The Guide towards Preservation
DDT, or dichlorodiphenyltrichloroethane, was a popular insecticide misused by both private industries and the United States Government back in 1950s. The use of DDT ranged from protecting crops to bug spray. While trying to combat mosquito infestations, the state of Massachusetts at the time sent around planes to spray DDT through fields. When DDT not only killed the mosquitoes but also the cordial songbirds in her area, Olga Huckins fervently wrote to dear friend and conservationist Rachel Carson about the issue. Inspired, Rachel Carson published her most momentous work, Silent Spring. Carson’s book, for which she spent countless hours researching, critiques the haphazard use of pesticides, such as DDT, and the torrential environmental impact that they have. Carson uses the book to attack the chemical industry and the reckless misinformation substantial private corporations presented to the public. These large companies attacked Carson and her work, going as far as spending $250,000 on a movement to disparage her. However, no sum of funds was able to compete with the immense influence that Carson’s work had. Silent Spring spurred the environmental movement not just in the US, but throughout the entire world. This inspired environmental movement would eventually elicit the creation of the Environmental Protection Agency. In the light of it all, her work provoked the passing of legislation that banned the use of DDT nationwide, much to Huckins’ pleasure. Although Carson passed just two years after publishing Silent Spring, due credit was given when President Jimmy Carter presented her with the Presidential Medal of Freedom. Carson’s efforts not only brought up controversy, but also brought great acclaim. If not for her work, the entire world would have been suffering from immense environmental damage. Just by writing a book, Carson was able to revolutionize the American mindset on the environment and spark the large-scale awareness movements so prevalent today.
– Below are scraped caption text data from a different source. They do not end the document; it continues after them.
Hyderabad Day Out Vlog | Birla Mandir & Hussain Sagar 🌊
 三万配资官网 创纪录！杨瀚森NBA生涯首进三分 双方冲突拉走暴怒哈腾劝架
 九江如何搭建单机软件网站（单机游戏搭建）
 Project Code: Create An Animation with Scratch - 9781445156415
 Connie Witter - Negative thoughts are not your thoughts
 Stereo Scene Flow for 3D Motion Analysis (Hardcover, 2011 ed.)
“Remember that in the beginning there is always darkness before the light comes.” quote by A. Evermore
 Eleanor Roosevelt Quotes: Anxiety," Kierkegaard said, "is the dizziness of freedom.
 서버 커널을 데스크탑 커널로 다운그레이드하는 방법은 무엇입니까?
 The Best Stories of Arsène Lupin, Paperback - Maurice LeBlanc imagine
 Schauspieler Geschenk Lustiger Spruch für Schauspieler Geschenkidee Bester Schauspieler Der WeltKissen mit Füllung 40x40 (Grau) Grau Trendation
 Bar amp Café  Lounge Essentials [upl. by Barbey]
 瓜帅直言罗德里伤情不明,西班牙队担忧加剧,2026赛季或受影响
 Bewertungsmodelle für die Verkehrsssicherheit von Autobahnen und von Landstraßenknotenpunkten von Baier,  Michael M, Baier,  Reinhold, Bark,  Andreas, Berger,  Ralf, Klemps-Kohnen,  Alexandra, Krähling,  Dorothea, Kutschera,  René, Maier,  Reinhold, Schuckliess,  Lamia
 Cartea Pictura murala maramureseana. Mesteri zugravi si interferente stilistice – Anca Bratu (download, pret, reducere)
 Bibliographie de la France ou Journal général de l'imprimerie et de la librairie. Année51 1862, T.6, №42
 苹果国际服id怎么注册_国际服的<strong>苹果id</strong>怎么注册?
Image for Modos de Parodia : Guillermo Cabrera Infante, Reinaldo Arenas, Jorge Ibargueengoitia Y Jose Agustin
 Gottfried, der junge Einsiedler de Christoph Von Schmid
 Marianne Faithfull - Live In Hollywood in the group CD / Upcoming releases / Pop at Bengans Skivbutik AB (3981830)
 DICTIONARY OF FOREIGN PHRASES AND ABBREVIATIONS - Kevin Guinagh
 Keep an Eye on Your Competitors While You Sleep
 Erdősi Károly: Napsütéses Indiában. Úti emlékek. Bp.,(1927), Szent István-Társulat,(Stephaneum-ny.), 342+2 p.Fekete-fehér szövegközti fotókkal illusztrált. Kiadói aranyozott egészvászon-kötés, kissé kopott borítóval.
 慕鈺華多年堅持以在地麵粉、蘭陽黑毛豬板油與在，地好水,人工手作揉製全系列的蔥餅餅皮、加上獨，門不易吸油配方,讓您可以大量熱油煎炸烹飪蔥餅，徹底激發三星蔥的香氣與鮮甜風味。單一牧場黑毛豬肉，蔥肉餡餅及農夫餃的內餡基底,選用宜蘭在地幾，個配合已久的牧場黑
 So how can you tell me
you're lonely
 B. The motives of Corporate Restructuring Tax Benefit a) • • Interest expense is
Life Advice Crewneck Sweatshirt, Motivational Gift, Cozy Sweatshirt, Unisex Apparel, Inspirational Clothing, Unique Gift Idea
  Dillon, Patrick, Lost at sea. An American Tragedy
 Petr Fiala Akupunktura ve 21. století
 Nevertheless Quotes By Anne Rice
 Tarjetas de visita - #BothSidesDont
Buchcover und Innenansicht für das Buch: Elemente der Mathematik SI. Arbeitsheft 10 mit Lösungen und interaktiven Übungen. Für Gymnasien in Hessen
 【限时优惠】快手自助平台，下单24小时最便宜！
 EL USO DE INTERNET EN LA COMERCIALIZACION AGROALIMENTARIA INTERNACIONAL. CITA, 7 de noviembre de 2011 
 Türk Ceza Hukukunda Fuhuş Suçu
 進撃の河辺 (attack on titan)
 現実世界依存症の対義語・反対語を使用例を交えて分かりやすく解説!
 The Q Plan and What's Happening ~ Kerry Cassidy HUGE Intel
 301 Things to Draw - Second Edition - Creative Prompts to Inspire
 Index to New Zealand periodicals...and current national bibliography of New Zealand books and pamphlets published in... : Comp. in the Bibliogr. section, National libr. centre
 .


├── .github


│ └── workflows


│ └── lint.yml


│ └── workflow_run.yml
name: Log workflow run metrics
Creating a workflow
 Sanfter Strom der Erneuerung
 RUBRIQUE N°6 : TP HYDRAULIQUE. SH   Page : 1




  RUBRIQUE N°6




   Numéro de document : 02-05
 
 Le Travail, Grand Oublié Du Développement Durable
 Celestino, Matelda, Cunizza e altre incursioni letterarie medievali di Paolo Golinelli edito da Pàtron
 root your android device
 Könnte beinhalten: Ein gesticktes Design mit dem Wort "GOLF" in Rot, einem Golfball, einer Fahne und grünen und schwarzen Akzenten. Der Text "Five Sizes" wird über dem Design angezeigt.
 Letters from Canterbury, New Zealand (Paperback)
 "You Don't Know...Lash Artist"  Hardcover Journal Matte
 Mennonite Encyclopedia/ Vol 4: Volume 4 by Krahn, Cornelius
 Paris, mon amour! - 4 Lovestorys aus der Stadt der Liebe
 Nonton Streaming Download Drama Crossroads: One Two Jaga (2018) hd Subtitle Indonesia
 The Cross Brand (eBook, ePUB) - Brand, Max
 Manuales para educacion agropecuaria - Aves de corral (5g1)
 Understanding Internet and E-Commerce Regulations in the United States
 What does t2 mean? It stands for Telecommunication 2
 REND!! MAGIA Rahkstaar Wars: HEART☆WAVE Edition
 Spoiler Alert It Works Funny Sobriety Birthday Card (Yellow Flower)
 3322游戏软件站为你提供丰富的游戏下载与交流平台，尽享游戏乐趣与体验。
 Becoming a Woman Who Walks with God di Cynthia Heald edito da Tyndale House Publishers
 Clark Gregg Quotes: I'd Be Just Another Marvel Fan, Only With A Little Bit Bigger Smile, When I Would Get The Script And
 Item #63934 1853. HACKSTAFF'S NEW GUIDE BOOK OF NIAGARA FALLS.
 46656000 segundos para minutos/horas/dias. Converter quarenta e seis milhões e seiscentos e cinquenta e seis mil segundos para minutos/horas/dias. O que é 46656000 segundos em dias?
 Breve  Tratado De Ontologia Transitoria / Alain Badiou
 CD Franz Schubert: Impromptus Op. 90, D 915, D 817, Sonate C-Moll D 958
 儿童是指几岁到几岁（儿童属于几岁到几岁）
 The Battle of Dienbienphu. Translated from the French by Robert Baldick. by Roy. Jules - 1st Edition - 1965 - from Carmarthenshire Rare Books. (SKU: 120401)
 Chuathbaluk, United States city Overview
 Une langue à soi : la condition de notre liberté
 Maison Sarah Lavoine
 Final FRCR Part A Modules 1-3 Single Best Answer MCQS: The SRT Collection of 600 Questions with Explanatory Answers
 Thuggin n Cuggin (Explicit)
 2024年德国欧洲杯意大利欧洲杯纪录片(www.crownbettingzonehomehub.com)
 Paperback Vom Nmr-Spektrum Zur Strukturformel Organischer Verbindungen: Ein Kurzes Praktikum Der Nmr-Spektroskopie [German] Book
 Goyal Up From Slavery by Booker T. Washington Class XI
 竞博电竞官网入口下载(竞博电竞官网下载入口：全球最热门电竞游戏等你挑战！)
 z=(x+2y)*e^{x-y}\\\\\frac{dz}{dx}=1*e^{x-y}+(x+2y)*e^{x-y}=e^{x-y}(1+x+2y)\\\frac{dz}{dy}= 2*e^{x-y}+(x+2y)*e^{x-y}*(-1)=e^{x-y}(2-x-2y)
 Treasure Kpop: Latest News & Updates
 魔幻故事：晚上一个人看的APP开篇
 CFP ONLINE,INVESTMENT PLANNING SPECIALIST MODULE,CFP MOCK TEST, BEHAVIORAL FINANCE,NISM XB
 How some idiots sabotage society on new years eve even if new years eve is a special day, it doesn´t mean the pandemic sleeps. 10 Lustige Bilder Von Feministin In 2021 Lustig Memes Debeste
The Enchantress of Numbers
When the modern notion of a computer was not yet popular, the theory behind it slowly developed in the mind of Charles Babbage. His work on this “Analytical Engine” was deeply studied by Ada Lovelace, a close friend and mentee. Although the engine itself was never built, its designs contained the modern elements of what we now consider a computer. When Italian mathematician Luigi Menabrea wrote a short article on Babbage’s Analytical Engine, Babbage recognized Lovelace’s undying intrigue in the machine and asked her to translate and expand on the article. Lovelace came back with notes and ideas of her own, three times longer than the original article itself. This document later became published as “Sketch of the Analytical Engine, with Notes from the Translator.” In these extensive ‘notes’, Lovelace not only describes the machine, but expands on its possible uses. Lovelace was able to recognize the versatility of the Analytical Engine, including its potential to create music and manipulate symbols, that even Babbage and his assistants could not point out. Likewise, Lovelace’s notes also include what is now known as the first computer program. Although Babbage had written a few programs of his own, none were as pervasive and exhaustive as those composed by Lovelace. Lovelace’s computer programs were so influential that they were a key component in Alan Turing’s creation of the first computer in the 1940s. While Lovelace may not have been able to see her programs in action, or even work with a finished computer, her contributions pioneered the field of computer science. Her work was an indispensable stepping-stone to the development of computers.